文明を破壊する何らかの——プログラムのようなものが『シン』に含まれているのはおそらく正しいのだと思う。けれど、エボン教の全てが正しいわけではないことは——ベベルから時折ナギ平原へと投げ捨てられる機械を見ていればわかる。それらは壊れても自己修復を繰り返し、ナギ平原を闊歩している。


「…まあこれはスピラで広く信じられている宗教が教えていることで…その宗教には色々と裏があったし、結局のところはよくわからないんだけど」


なによりももう5年もミッドガルで生活していたら、いちいち機械に嫌悪感など抱いていられなかった。たしかにプレートの上へ行くのは大きな抵抗があったし——今も目の前にある巨大な機械に自分が乗り込むのかと思うと足が止まってまうわけだけど。

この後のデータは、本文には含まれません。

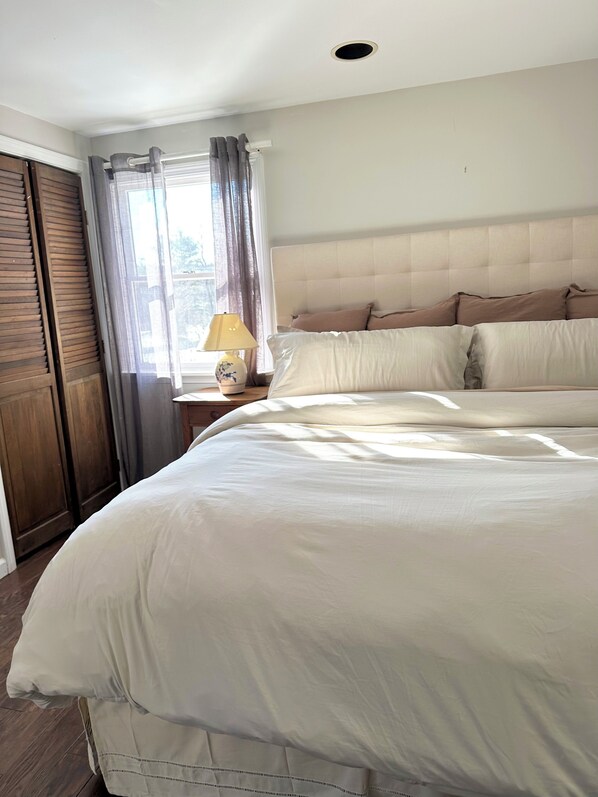 3 bedrooms, travel cot, WiFi, bed sheets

「…まあ、だからちょっと抵抗はあるけど…まあ、大丈夫」
「…そうか」


内心で考えていることを悟られないように、なるべく淡々と話し続けたけれど、細められたヴィンセントの瞳の向こうに灯るのは同情だろうか。感情がはっきり読めるほどにはヴィンセントのことをよく知らない。


「…そろそろ行こう?」
「ああ」


奇妙なデートだと思う。
一緒にいたくないと言えば多分——嘘になるんだと思う。認めないようにしてきたことだけど、だんだんと否定できなくなっている自分がいた。それでもまだ、この想いには気がつきたくない。


——だから。エアリスに言われて、仕方がなかった。そう自分に言い聞かせた。


相変わらずわたしやヴィンセントには場違いなくらい明るく華やかな世界が広がっていたけれど、そんな喧騒の中、楽しそうなカップルや家族たちの横を静かに歩いていった。